暑い時期につるりと美味しいそうめん。スルスルと食べられるので、食欲がない時も何となく食べてしまうもの。そんなそうめんの様な、不思議な花がツイッターで話題を呼んでいます。

 このそうめんみたいな見た目の花、「パナマソウ」という植物の花なのです。大阪の鶴見区緑地公園にある植物園「咲くやこの花館」には、世界中の約5500種もの植物が集められており、貴重な花の生態を観察することができます。

 咲くやこの花館では、ツイッターで館内の開花している植物の情報などを投稿していますが、「速報!『パナマソウ』が開花しました!!一日花ですので、明日には散ってしまう貴重な植物です。熱帯雨林室にて是非ご覧ください」とその花の姿をツイッターに投稿したところ、大きな話題に。

 開花が始まって2~3時間でその姿があらわになるのですが、見た目はそうめんを山盛りに盛り付けたみたいな形。色も太さも長いそうめんの様な繊維の塊が、くねくねと円錐状に天を突くように伸びています。袋ラーメンの麺の様なくねくねとしたこのそうめん状のものは、実は花の雄しべ。

 この花の様子を見た人たちからは、「山盛りそうめんに見えました」「ミョウガとシソと生姜が欲しくなります」「何かの乾麺かと……」といったリプライで大盛り上がり。

 あまりにも不思議なパナマソウの花の姿について、咲くやこの花館の職員の大石さんにお話を伺いました。

 大石さんによると、毎年パナマソウの開花時期にはつぼみの状態から開花したところをツイッターに投稿しているのだそう。開花した花の写真は、例年だと800リツイート程されるという事ですが、今年はコロナ禍の影響もあってか、1万以上ものリツイートで大きな話題となった事に驚きを隠せなかったのだそう。

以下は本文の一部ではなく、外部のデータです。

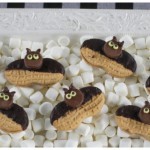 Nutter Butter Halloween Bat Cookies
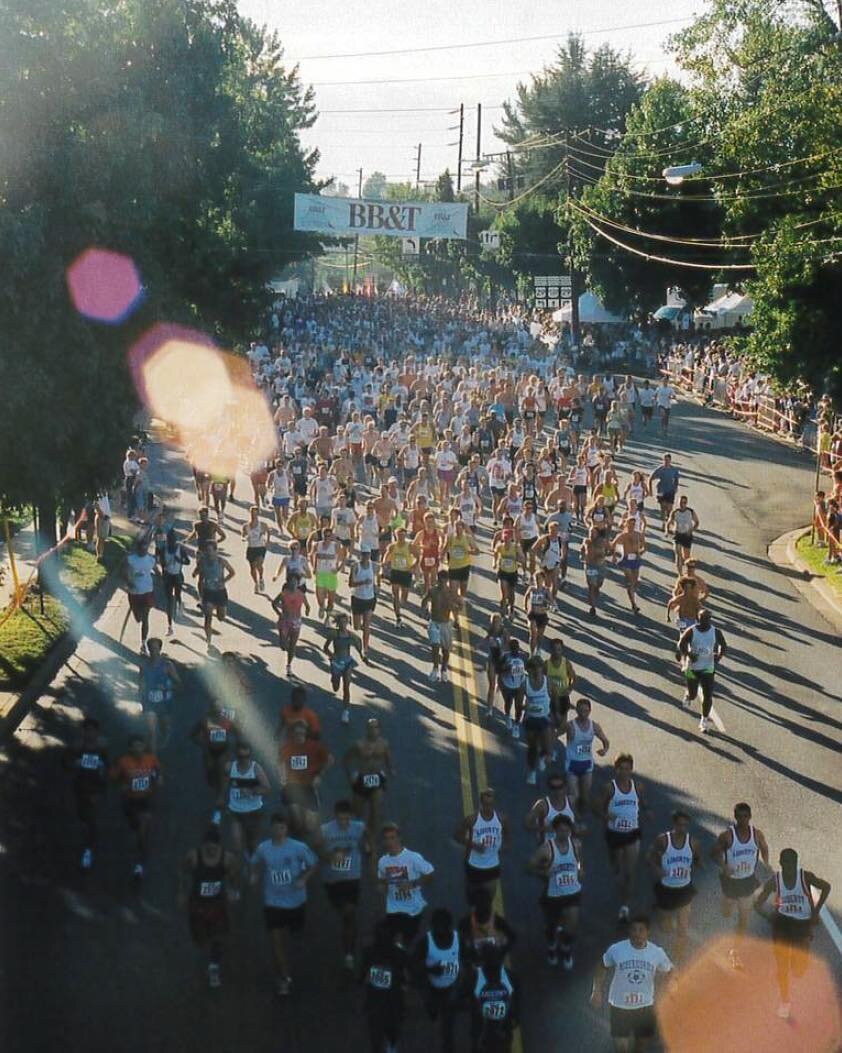For 50 YEARS, the Virginia 10 Miler has been a beacon of community spirit and competition in the heart of Lynchburg, VA. 🏆

Join us on Sept. 28 as we all celebrate this historic milestone!

Link to register in bio.

📸: 2001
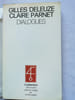 DIALOGUES. . DELEUZE Gilles PARNET Claire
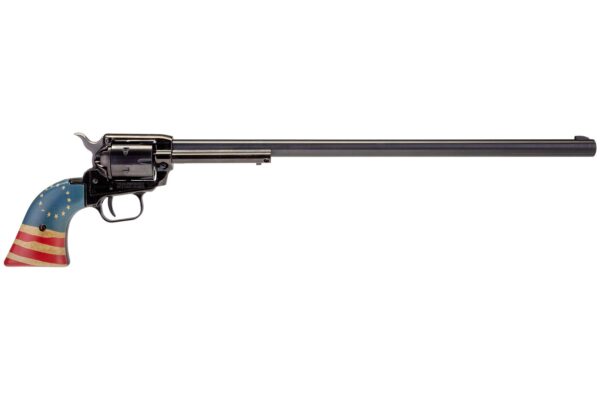 Heritage Rough Rider Handgun .22LR 6rd Capacity 16" Barrel Betsy Ross Grips - Precision Shot Firearms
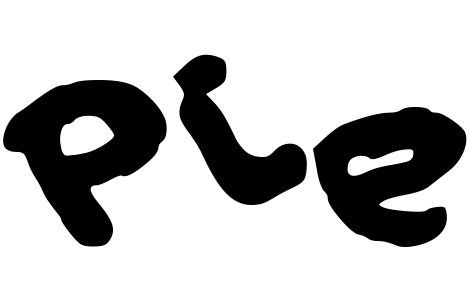 Font pie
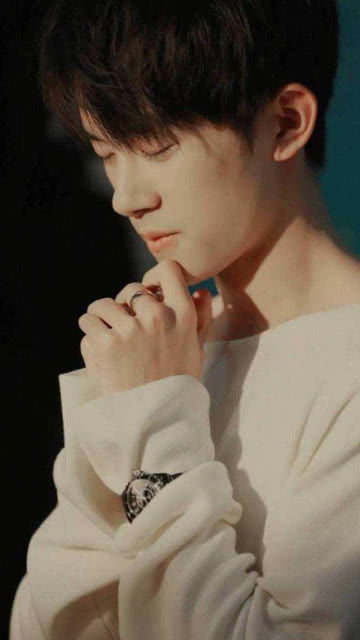 千玺安静的样子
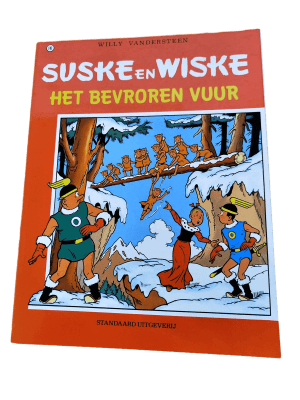 Suske en Wiske 141 - Het Bevroren Vuur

 この大量の花の雄しべは、開花から数時間で徐々にほぐれていき、翌日には落ちてしまうのだとか。このため、実際に開花しているところを見る事ができた人は非常にラッキー。大石さんのお話によると、7月12日の昼頃に開花が始まったパナマソウの花は、同日の午後3時ごろにはツイッターの写真の様に満開(?)になったとの事で、「明日の朝には見ごろが終わっていると思います」との話。

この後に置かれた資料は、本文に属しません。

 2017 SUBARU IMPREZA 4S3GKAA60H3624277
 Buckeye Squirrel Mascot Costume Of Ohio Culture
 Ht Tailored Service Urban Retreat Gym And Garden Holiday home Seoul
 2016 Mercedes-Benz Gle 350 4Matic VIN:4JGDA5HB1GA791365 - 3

 そして、皆さんが気になると思う質問をぶつけてみました。「このそうめんみたいな雄しべ、食用になったりしますか?」

 大石さん「毒性は無いようですけど、食用には向かないと思います(笑)落ちた後の雄しべの触感は、そうめんのような柔らかさはなくて、白髪ねぎのような感じです」との事。

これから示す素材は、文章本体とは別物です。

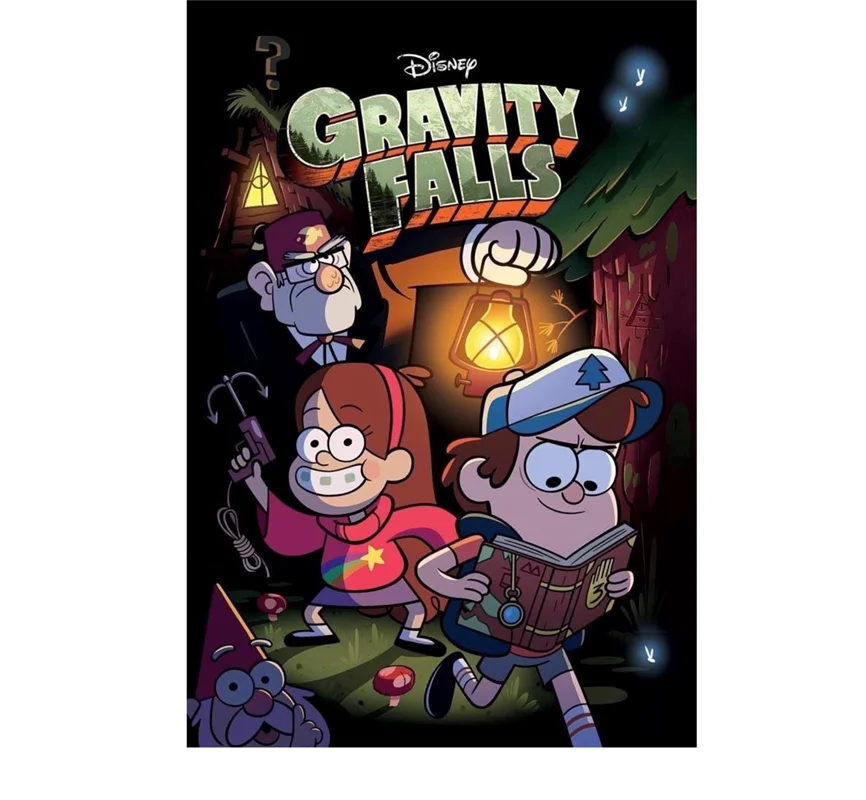 سریال  Gravity falls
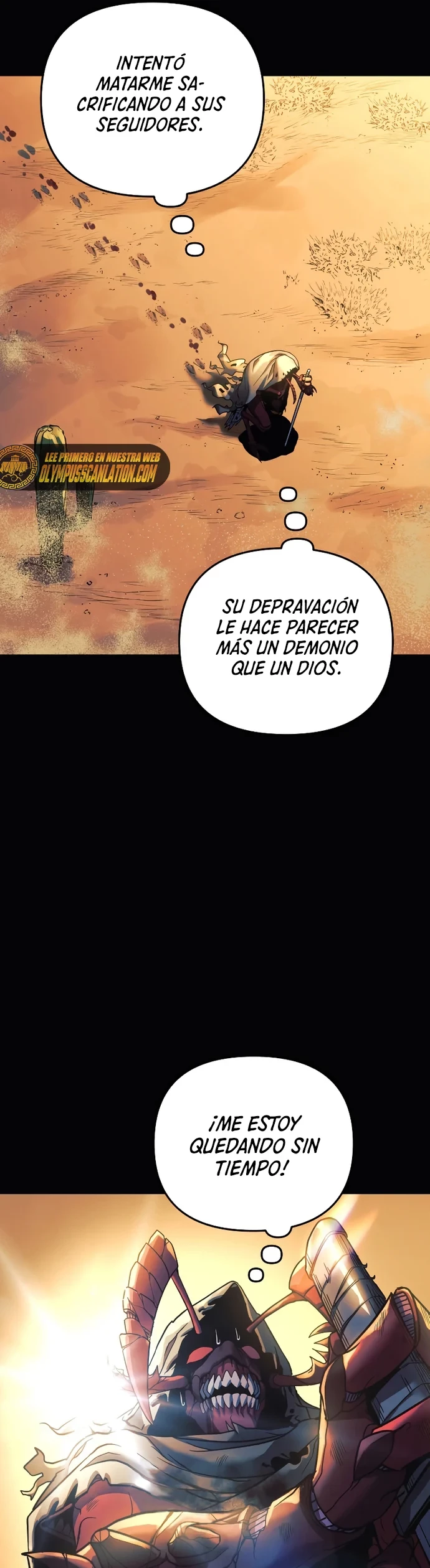 El creador está en hiatus Capítulo 4 - Página 21 en español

 雄しべが落ちた後に出てくるトウモロコシによく似た部分といい、長い雄しべといい、トウモロコシに近い種類の植物なのかと思いきや、トウモロコシとは遠い種類で、植物の種類も「パナマソウ科」とそのものの名前。DNAによる分類ではタコノキの近縁という話。

 名前に「パナマ」と付いていますが、原産地はエクアドル。中南米の熱帯地方で広く栽培されているそうです。古くから、若い葉を編んで作るパナマ帽の原料として利用されています。

 ちなみに、トウモロコシみたいな実の部分も食用には向かないそう。開花後このまましばらく置いておくと赤く熟していき、さらに放置しておくと、9月頃に割れてオレンジ色の種子が出てくるそう。雄しべが落ちた後に実の先端に切り込みを入れておくと、そこから2つに割れていき、羊の角の様にクルンと丸まっていくんですって。

 開花時間がとても短い辺り、月下美人に近いものを感じます。しかし、月下美人は夜に咲く性質があるので光の量を調整する事で開花を昼にさせる事ができますが、パナマソウの花は昼に咲いて翌日には終わってしまうため、開花調整はできないのだそう。

 咲くやこの花館にはまだパナマソウの花のつぼみが見られているようなので、運が良ければ開花しているところを見られるかもしれませんよ。咲くやこの花館は月曜休館(休日の場合はその翌平日・8月11日のみ臨時開館)、開館時間は10:00~17:00(入館は16:30まで)です。